Kazova: “Patronsuz üretim devam ediyor; herkes mutlu, herkes çalışmak istiyor.”
İşçi Cephesi: Direnişiniz nasıl başladı?
Kazova’dan bir işçi: Bizim direnişimiz ilk önce 4 aylık maaşımızı, kıdem ve tazminat haklarımızı almak için patrona talepte bulunmamızla başladı ve patron bizi muhatap almadı. Biz haklarımızı istedik; yani burada herhangi bir hırsızlık yapmadık, ama fabrikada bizi muhatap alan hiç kimse yoktu. Biz 31 Ocak’ta fabrikaya geldiğimizde hepimiz 1 haftalık izine çıkartıldık. Bunun öncesinde fabrikada iş vardı, ama para verilmiyordu, Cumartesi, pazar da mesai yapıyorduk. Sonra bir gün işe geldik, duvar çekilmiş fabrikaya; bunun neden yapıldığını sorduk.

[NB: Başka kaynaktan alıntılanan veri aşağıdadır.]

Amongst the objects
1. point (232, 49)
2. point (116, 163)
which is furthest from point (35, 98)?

Umut Somuncu bize “Ben babamla anlaşamıyorum, biz burayı böleceğiz. Babam sürekli ihracat çalışıyor, ben ihracat çalışmak istemiyorum. Ben kendi piyasama çalışmak istiyorum. Kendim yapıp, kendim satacağım.” dedi. On bir arkadaşımız öbür tarafa geçti. Bu olaydan sonra bir ay daha çalıştık. Daha sonra 1 Şubat’ta bir hafta izne çıkartıldık. Geri geldiğimizde fabrikada patron yoktu. Hiç kimse yoktu, muhatabımız yoktu; bir avukat vardı sadece.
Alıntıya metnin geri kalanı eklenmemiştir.